2.2. Metabolite Extraction

At least six marketable fruits were pooled to create a single biological sample after peeling. Three biological replicates were used for each accession. Samples were freeze-dried using a rotary vane vacuum pump (2XZ-4, Shanghai, China) and then ground to powder for 2 min at 30 Hz in a grinder (MM400, Retsch, Germany) that uses zirconia beads. Subsequently, 100 mg of each sample powder was immersed in 1.2 mL of 70% aqueous methanol overnight at a constant temperature of 4 °C. The sample solutions were centrifuged at 11,000× g for 12 min at 4 °C, filtered through a 0.22 μM microporous membrane (SCAA-104, ANPEL, Shanghai, China), and transferred to an LC–MS/MS injection bottle for analysis.

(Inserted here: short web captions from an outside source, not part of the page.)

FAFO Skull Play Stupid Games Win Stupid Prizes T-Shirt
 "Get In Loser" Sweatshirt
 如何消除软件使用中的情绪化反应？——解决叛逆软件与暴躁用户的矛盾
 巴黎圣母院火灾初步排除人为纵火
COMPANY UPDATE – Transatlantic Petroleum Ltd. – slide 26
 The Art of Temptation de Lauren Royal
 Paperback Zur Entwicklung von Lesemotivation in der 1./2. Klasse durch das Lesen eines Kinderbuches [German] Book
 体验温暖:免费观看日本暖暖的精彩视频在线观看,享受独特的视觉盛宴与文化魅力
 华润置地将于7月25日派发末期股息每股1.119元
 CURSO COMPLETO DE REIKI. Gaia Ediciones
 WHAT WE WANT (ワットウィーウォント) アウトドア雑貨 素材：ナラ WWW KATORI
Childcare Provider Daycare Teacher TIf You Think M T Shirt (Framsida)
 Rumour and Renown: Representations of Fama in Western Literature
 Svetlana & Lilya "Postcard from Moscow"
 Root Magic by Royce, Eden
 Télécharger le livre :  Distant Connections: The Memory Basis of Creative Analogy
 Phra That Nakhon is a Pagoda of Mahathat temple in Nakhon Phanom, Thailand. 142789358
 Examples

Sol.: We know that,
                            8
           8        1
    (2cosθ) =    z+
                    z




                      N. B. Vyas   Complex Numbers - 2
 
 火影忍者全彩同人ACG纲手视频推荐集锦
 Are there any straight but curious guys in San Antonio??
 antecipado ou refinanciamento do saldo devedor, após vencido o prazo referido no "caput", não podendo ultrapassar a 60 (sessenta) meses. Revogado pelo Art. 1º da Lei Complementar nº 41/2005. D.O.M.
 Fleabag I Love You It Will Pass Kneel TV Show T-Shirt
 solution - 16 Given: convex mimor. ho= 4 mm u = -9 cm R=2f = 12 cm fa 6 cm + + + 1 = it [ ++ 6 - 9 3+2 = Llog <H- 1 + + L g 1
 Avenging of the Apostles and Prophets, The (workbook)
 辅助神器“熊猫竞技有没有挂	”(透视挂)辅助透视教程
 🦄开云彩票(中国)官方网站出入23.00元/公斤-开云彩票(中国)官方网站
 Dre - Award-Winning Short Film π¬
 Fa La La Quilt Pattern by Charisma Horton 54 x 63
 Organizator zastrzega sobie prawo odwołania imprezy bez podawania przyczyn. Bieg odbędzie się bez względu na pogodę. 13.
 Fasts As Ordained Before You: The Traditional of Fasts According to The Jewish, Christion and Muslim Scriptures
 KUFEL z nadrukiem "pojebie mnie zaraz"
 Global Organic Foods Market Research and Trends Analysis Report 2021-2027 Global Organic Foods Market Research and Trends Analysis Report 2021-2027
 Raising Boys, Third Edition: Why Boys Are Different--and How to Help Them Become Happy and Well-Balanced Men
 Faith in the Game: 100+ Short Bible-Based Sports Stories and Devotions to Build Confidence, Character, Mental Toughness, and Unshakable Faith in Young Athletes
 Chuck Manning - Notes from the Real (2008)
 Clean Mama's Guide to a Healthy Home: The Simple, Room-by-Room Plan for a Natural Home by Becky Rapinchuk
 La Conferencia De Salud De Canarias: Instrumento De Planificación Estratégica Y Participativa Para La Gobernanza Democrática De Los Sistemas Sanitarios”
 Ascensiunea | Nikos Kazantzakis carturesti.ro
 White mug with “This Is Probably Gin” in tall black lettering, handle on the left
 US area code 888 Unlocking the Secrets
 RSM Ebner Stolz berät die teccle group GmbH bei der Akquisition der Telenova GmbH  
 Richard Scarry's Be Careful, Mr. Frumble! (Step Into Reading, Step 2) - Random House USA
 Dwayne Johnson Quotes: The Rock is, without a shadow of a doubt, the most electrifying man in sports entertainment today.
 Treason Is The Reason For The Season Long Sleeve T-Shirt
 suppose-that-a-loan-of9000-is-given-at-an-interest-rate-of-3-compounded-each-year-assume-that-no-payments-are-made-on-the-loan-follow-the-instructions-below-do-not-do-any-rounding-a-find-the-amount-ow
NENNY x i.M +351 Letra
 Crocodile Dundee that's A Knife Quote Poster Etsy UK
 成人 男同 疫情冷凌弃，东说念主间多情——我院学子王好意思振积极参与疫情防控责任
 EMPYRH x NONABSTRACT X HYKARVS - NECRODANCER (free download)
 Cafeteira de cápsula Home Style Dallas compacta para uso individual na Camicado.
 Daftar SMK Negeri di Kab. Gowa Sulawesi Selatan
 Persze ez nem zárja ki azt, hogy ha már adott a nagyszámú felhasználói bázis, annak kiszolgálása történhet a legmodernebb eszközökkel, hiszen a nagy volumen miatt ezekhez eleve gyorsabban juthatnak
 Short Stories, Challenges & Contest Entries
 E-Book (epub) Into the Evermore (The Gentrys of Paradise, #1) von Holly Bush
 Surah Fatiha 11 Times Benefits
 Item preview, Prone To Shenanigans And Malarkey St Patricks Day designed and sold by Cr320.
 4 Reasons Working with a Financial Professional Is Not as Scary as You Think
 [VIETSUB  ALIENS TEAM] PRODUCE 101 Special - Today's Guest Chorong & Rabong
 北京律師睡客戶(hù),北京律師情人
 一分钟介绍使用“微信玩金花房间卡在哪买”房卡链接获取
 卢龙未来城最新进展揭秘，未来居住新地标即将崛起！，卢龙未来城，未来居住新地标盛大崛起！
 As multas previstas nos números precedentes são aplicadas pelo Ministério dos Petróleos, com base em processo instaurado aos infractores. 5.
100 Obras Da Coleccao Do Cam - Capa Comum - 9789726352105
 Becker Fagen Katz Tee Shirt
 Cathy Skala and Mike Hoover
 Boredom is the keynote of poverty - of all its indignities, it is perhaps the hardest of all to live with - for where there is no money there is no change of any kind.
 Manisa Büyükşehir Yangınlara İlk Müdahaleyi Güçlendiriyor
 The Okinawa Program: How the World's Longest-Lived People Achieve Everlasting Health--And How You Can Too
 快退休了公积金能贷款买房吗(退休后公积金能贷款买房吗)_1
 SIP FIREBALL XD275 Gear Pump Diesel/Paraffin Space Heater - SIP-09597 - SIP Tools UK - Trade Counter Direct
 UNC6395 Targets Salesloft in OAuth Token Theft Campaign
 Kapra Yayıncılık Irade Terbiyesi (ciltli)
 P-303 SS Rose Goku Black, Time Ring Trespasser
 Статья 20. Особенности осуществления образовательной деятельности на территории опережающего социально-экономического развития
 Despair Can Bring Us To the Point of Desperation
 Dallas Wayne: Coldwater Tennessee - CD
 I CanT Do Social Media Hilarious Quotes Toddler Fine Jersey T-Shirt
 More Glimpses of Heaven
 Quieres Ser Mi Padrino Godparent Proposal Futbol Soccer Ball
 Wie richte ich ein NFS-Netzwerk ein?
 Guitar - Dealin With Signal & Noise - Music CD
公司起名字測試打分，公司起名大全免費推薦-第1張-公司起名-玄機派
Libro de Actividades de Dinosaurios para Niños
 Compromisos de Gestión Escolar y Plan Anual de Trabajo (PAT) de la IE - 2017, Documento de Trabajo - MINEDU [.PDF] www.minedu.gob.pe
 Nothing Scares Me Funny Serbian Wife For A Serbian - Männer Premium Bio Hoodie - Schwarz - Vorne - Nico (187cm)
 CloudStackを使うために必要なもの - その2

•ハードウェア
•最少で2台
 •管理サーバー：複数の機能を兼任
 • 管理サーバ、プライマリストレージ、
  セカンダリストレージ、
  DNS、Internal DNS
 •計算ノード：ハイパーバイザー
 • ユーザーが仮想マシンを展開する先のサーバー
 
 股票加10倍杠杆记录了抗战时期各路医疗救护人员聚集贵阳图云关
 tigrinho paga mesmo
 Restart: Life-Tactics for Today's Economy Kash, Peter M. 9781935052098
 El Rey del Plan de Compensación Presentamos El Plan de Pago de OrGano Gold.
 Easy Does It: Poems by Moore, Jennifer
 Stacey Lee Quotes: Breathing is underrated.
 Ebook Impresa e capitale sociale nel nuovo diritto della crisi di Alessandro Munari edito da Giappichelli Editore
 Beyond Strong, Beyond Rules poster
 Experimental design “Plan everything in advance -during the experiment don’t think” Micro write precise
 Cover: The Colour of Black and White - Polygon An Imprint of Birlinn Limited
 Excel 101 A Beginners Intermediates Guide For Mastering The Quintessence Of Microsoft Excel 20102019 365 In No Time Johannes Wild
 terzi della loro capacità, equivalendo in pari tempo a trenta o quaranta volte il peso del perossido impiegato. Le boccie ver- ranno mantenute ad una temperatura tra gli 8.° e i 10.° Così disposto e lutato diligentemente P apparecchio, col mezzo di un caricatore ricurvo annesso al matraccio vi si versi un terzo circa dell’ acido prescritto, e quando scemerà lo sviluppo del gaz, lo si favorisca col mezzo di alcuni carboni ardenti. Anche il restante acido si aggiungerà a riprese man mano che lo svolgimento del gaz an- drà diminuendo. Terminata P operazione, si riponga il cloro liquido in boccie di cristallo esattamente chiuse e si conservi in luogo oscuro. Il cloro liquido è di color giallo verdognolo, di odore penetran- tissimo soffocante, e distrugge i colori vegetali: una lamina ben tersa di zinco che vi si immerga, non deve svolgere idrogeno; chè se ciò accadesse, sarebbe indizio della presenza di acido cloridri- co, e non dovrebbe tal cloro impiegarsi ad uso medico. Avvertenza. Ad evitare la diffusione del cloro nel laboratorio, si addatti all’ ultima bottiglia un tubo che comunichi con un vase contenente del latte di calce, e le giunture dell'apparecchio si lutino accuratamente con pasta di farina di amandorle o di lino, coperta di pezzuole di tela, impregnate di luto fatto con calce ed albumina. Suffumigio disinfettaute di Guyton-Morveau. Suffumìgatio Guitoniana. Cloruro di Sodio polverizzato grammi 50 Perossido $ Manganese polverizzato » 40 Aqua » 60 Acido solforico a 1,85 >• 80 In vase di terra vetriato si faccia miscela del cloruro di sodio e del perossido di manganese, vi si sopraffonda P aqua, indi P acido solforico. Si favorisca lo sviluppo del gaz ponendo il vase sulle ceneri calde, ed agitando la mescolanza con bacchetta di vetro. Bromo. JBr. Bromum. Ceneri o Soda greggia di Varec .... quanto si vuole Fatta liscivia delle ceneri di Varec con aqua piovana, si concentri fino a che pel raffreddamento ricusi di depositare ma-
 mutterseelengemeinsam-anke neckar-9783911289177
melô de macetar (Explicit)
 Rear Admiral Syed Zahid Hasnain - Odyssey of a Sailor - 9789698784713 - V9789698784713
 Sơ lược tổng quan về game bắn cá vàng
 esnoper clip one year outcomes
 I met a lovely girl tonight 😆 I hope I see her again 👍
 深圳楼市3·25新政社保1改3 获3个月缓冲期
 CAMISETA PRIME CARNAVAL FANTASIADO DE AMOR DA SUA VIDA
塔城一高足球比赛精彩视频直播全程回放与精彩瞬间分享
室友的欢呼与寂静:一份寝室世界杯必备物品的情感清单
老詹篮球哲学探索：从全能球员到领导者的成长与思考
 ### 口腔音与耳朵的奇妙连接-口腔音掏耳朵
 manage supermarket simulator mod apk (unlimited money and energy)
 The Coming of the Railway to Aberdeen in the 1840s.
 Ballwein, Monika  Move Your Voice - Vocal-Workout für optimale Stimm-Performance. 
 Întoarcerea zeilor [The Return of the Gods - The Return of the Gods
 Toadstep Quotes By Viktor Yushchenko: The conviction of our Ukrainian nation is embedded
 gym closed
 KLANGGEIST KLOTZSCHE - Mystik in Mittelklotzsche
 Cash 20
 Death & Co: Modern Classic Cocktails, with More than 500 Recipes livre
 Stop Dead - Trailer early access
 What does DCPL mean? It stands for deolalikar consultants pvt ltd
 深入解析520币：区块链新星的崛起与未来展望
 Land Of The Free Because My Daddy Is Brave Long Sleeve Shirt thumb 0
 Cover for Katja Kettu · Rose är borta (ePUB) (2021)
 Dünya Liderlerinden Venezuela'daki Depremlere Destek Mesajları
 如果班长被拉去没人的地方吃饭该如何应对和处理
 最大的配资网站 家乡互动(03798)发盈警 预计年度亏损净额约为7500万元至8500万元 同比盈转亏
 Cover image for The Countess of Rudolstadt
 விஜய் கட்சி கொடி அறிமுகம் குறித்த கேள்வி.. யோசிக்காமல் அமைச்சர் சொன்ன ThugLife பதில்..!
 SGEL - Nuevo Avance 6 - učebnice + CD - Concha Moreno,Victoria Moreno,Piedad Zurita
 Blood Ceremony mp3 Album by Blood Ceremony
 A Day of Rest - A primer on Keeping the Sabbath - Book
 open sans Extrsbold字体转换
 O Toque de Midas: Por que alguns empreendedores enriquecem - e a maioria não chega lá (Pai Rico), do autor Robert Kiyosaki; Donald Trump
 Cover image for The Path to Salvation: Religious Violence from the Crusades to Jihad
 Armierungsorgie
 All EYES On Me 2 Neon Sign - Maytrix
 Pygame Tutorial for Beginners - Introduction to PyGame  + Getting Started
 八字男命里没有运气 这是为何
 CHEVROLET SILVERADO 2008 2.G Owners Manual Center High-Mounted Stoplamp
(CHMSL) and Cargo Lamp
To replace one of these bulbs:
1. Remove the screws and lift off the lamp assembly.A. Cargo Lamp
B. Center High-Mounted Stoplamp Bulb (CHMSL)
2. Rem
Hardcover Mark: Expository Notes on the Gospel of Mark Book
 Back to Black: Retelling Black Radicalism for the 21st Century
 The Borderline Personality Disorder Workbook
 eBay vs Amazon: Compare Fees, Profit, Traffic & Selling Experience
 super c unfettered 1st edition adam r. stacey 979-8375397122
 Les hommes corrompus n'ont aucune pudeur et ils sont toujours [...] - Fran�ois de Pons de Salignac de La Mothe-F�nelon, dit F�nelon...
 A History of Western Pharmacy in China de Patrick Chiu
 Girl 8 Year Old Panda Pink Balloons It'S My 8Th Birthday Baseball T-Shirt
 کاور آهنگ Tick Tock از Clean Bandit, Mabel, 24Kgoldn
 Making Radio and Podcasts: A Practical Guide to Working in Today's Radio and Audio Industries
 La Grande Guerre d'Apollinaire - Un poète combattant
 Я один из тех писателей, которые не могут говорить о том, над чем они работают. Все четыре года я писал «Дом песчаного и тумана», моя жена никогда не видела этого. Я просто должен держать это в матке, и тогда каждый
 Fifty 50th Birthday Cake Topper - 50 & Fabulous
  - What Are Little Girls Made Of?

2.3. Targeted Metabolomic Analysis

Bottle gourd samples were analyzed using an LC-ESI-MS/MS system (HPLC, Shim-pack UFLC SHIMADZU CBM30A system, MS, Applied Biosystems 4500 Q TRAP, Boston, MA, USA). The chromatographic columns were Waters ACQUITY UPLC HSS T3 C18 columns (1.8 μm, 100 mm × 2.1 mm, Shanghai, China). A 0.04% acetic acid aqueous solution was used as mobile phase A and 0.04% acetic acid acetonitrile as mobile phase B. The gradient was 0 min, 5% B; 5% to 95% B from 0 to 10 min, and maintained at 95% for 1 min; 95% to 5% B from 11 min to 11.1 min, and maintained at 5% to 14 min. The flow rate was 0.35 mL/min. The temperature of the column was 40 °C, and the injection volume was 2 μL. All the reagents were purchased from Merck (Darmstadt, Germany).
The eluent was connected to an ESI triple-quadrupole–linear ion trap (Q TRAP) mass spectrometer (MS) (Q TRAP, Boston, MA, USA) API 4500 Q TRAP LC/MS/MS System equipped with an ESI Turbo Ion-Spray interface, which was operated in positive-ion mode and controlled by Analyst 1.6.3 software (AB Sciex, Framingham, MA, USA). This system was used to acquire linear ion trap (LIT) and triple-quadrupole (QQQ) scans. The ESI source operation parameters were as follows: the ion source was a turbo spray with a 550 °C source temperature; ion-spray voltage was 5500 V; ion source gas I, gas II, and curtain gas were all supplied at 0.2 MPa; and collision-activated dissociation was set at “high”. Polypropylene glycol solutions of 10 and 100 μmol/L were used for instrument tuning and mass calibration in the QQQ and LIT modes, respectively. QQQ scans were acquired in multiple reaction monitoring (MRM) mode, and the collision N2 gas was set to 0.35 MPa. The dispersion potential and collision energy were optimized for individual MRM transitions. A specific set of MRM transitions in each period was monitored based on metabolite elution.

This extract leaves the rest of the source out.